IKEA salvation army.
  • Anne Quito
By Anne Quito

Design and architecture reporter

Published Last updated This article is more than 2 years old.

Greycork’s promise sounds almost too good to be true: Well-made furniture that is stylish, comfortable, easy-to-assemble, and cheaper than IKEA.

“I thought that the way we’ve been getting furniture is insane,” explains Greycork’s CEO John Humphrey in the startup’s fundraising video. “Driving 40 minutes out of the city, waiting in line, squeezing boxes into cars just to go home and set it up for hours.”

Judging from their wildly successful Indiegogo campaign, Humprey and his three partners Alec Babala, Bruce Kim and Jonah Willcox-Healey, seem to have hit on a collective pain point. Their business, founded on mission to provide an alternative to that all-too-familiar IKEA rite of passage, is now the most-funded furniture company on Indiegogo. They surpassed their funding goal within four days.
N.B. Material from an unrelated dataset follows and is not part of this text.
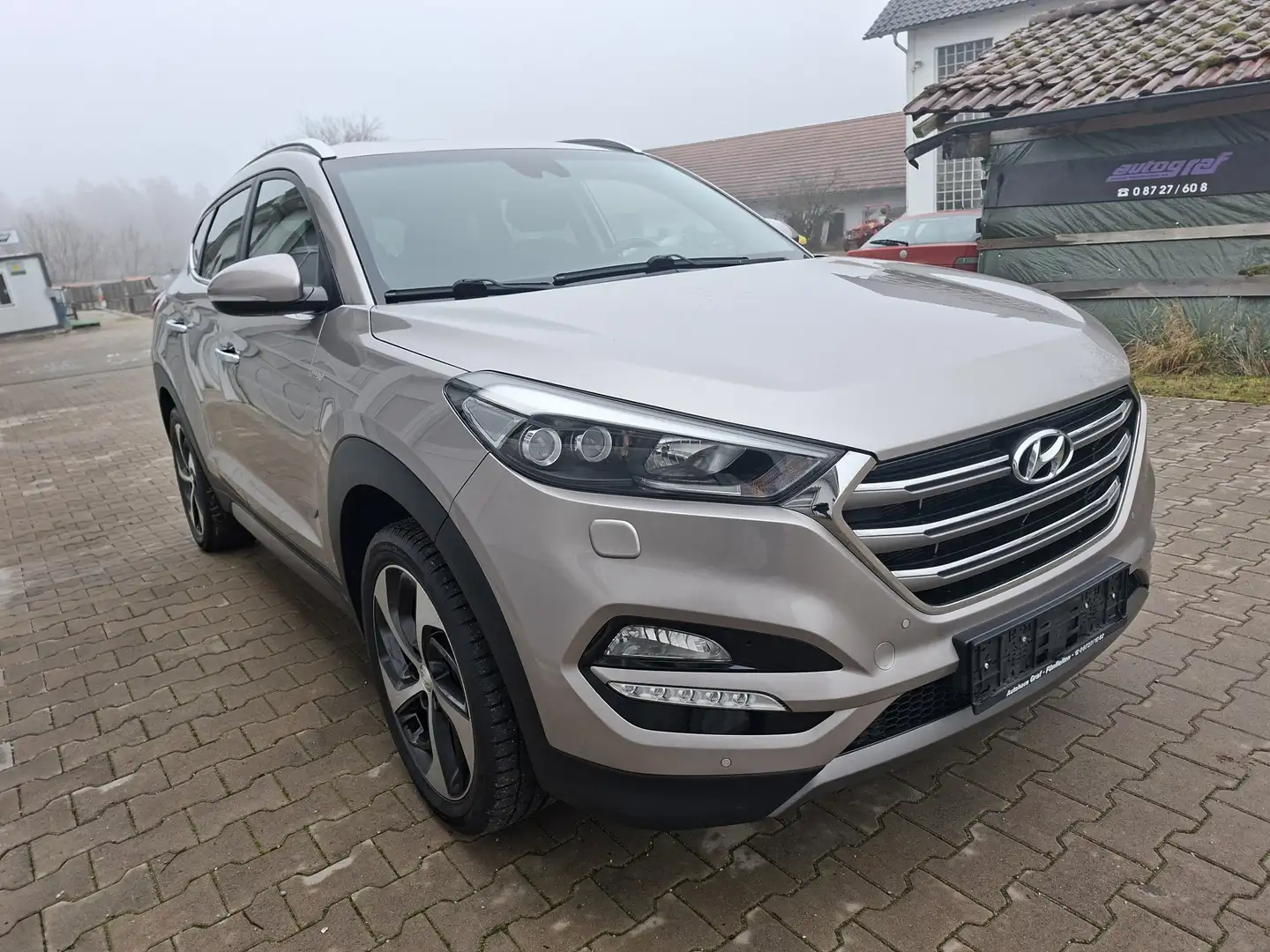 Hyundai TUCSON Premium 4WD Beige - 2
If you’ve ever been vexed by a hex wrench or baffled by a lost bolt, the promise of a sofa that can be assembled and disassembled in four minutes with no tools is particularly alluring.

No meltdowns.

Comfort is a priority for Greycork, too. The team recently field tested their sofa at a big goods and furniture showcase in Boston, and Humphrey tells Quartz that people seemed surprised at how “unexpectedly comfortable” the couch was. “I wish we had a video of their faces,” he laughs. In November, Greycork plans to test its furniture on some discriminating, design-savvy sofa sophisticates at the American Field event in New York City.

Humphrey joined forces with professional designers after trying his hand at building Greycork’s first prototype himself, a coffee table. “It was okay, but I’m not a furniture designer,” says Humphrey, who has a master’s degree in business and grew up helping out at his family’s furniture factory. “I have the skills to run a viable business but I didn’t know to design furniture or build a desirable brand,” he says.


Even at this early stage, Greycork takes seriously the challenge of defining its nascent brand and injecting some personality into it. Taking the cue from successful startups like the mattress company Casper, which has launched its own magazine dedicated to sleep, Greycork already has a lifestyle magazine of its own, even before the company’s first units have shipped.